On 1st January 2021, a section of the General Data Protection Regulation (GDPR) will apply. This may well affect some UK businesses – those that have customers based within the EU and no staff, or company representatives there. This section of the GDPR is known as European or EU Representation, and it is related to Brexit, the process of the UK leaving the EU. It is crucial to get a better understanding of this and what it could mean for you.
Although at the time that the new GDPR rules were put in place for the UK on 25th May 2018, these EU extensions weren’t considered ‘important’ (we were, after all, still part of the EU at that point). As Brexit has indeed occurred and negotiations are currently underway as to exactly how the UK will leave, we need to look at them more closely, and if your business needs an EU Representative, you are going to need to engage one sooner rather than later.
Even if there is an agreement and a ‘no deal’ Brexit is what we go through at the end of the year, you will still need an EU Representative, and therefore engaging earlier in the process will make things smoother and more comfortable for you later on.
What Does an EU Representative Do?
An EU Representative has to be established in the EU and will work for non-EU based businesses who want to conduct business there. For the UK, the main task of an EU Representative will be to act as a liaison between the company itself, the Regulatory Authority within the particular EU country, and the data subjects.

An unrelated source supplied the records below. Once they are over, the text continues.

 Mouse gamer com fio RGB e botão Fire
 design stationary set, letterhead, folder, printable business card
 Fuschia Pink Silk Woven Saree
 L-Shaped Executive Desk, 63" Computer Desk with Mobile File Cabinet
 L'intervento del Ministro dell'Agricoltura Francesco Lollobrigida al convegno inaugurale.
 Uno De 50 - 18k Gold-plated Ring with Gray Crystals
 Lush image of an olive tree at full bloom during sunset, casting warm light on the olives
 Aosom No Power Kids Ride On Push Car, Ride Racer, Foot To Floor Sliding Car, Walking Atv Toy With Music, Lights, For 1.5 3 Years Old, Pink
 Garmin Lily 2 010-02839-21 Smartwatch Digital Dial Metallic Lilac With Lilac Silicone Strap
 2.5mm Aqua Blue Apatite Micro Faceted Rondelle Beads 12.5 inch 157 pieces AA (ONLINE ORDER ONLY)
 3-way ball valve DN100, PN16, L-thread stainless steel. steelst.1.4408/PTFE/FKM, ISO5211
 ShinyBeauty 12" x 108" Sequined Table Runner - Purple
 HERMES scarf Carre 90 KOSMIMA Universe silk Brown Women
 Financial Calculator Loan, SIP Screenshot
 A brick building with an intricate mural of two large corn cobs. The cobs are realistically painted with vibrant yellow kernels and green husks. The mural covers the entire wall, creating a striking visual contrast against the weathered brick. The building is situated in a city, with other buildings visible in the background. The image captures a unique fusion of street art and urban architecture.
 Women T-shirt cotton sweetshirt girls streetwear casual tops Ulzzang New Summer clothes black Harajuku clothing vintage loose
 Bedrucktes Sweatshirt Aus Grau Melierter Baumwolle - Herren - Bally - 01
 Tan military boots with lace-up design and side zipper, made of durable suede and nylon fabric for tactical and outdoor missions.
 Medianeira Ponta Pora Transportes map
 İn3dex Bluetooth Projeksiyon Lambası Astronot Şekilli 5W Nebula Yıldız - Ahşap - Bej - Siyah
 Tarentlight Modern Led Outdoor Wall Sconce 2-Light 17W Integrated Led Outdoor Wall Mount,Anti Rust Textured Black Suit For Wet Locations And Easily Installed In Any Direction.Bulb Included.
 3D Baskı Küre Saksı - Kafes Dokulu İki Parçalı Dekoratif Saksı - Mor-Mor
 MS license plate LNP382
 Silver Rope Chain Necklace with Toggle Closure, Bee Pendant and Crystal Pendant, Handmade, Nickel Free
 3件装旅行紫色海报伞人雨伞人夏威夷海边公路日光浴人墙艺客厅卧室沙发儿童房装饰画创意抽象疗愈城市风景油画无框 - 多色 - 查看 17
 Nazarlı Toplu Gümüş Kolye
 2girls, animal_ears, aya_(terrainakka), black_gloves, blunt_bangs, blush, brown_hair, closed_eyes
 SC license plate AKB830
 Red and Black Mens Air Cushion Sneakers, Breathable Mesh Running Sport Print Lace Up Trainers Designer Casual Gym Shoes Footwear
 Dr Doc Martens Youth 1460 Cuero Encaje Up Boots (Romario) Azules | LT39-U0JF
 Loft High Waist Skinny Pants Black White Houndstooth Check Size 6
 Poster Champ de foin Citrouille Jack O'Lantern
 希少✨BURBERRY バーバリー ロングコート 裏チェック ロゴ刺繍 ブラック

In order to do this correctly, an EU representative’s duties will include:
- Ensuring data processing records are accessible to the Regulatory Authority
- Keeping accurate records of data processing activities for any business they are engaged by
- Answering Regulatory Authority and data subject requests, regarding any concerns about data processing
Do You Need EU Representation for Your Business?
If you run a business in the UK, you might be wondering whether or not you need EU representation, and whether to engage an EU Representative. This is going to be necessary if you provide goods or services to countries within the EU. If you do so, contacting us to find out more should be a priority, so as not to fall foul of the legal requirements.
There is an exemption to this rule: if your business has an office – and employees – that are already based in the EU, even if your head office is in the UK, you won’t need an EU representative.
If you do require an EU Representative and you fail to comply with this legislation, your business could be fined up to four percent of its annual worldwide turnover, or €20 million (whichever is higher). Potential criminal convictions can also be imposed, as well as the need to pay for any damages in resulting court cases.
Choosing Your EU Representative
In essence, your EU Representative can be anyone who is based within the EU member state from which, through your business, you collect data. If you collect data from all over the EU, you only have to have one representative working on your behalf, as long as they are based in one of the countries you collect data from. Ideally, you should choose someone in the country you do the most work in, but this is not mandatory, and the choice is a free one.
How JVR Consultancy Can Help
Remember, there are many things that a business owner needs to put in place before the UK entirely leaves the EU at the end of 2020. This is especially true if there is a ‘no deal’ Brexit. Since it is looking more and more likely that this is what will happen, and the UK will leave the EU without any formal agreements in place, ensuring you are able to protect your business as far as possible is vital.
At JVR Consultancy, we are able to offer plenty of advice and information regarding EU representation and the laws and guidance that change after Brexit, and if you require an EU representative, we are able to take on this role for you. Simply contact us to find out more.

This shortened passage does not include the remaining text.